This notebook gives an overview of spatially adaptive spectral mixture analysis (SASMA) using the sasma.py module. Example data include a Landsat 5 TM image from Detroit, Michigan (U.S.A.) from July 12, 1995. The procedure used here is based on descriptions of SASMA in the following articles:
From this point, it is assumed that the individual Landsat TM bands have been stacked and the image has been clipped to the area of interest. If not, see the notebook on "Interactive Linear Spectral Mixture Analysis in Python" for examples of how this can be done with the tools in the unmixing.utils module.
In [1]:
from unmixing.utils import as_array
lt5_detroit, gt, wkt = as_array('data/LT05_020030_merge_19950712_stack_clip.tiff')
Let's preview the image's NIR band.
In [2]:
from matplotlib import pyplot as plt, cm
%matplotlib inline
preview_nir = lt5_detroit[3,...]
preview_nir[preview_nir == -9999] = 0 # Remap any NoData values to zero
# Reconfigure the raster array so that the band axis is the third axis
plt.figure(figsize = (10, 10))
plt.imshow(preview_nir, cmap = cm.YlGnBu_r)
plt.show()
We want to transform this image to its minimum noise fraction (MNF) image, prior to extracting our endmember spectra and unmixing.
In [3]:
from unmixing.transform import mnf_rotation
mnf = mnf_rotation(lt5_detroit, nodata = -9999)
# The MNF image is returned in HSI form (the transpose of our original raster array)
plt.figure(figsize = (10, 10))
plt.imshow(mnf.T[0,...], cmap = cm.YlGnBu_r)
plt.show()
Base on my outside knowledge of the scene, I can see from both the NIR image and the first MNF band that the golf course in the center of the image shows up quite clearly.
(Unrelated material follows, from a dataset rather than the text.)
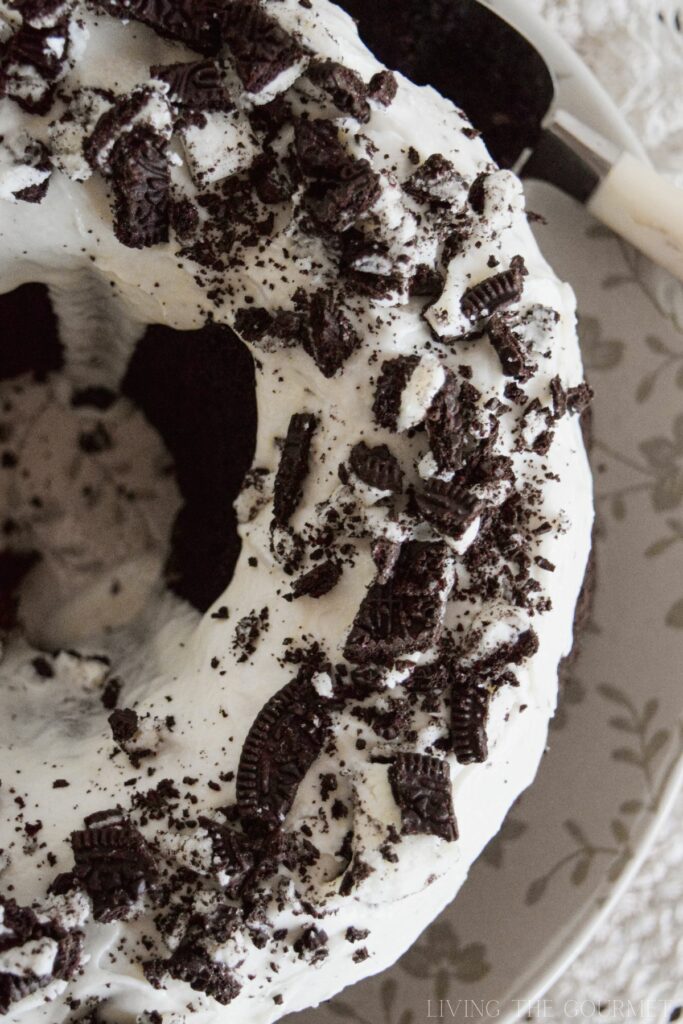 Chocolate Oreo Bundt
We can also easily identify many major surface streets.
Thanks to prior work I've done in this area, I already have a number of potential endmember candidates identified from pseudo-invariant features (PIFs). Below is a map of where the endmember candidates of each type are located. The endmember types are:
In [4]:
from matplotlib.colors import ListedColormap
pifs, gt0, wkt0 = as_array('data/LT05_020030_merge_19950712_VBD_endmember_PIFs.tiff')
# Create a color map for background (0 = lightgray), vegetation (1 = green), etc...
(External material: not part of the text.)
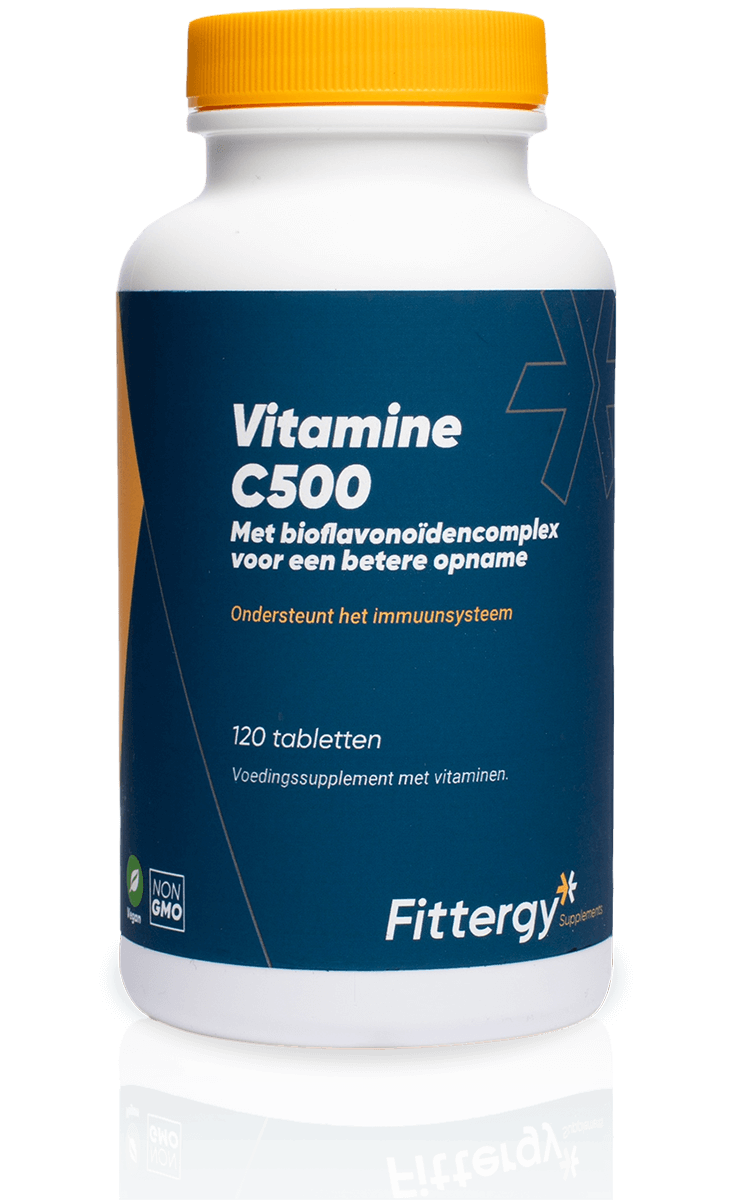 Vitamine C 500mg met bioflavonoiden 120 tabletten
color_code_map = ListedColormap(['lightgray', 'green', 'red', 'blue'])
plt.figure(figsize = (10, 10))
plt.imshow(pifs[0,...], cmap = color_code_map)
plt.show()
As you can see, we've got a good set of each endmember, but the spatial distribution in each class is such that there are some parts of the image that don't have a nearby pixel of every endmember type. This can be a problem for a spatially adpative approach with a fixed window size; if there are no endmember candidates of a given type within a moving window centered on a given pixel, then we can't unmix that pixel.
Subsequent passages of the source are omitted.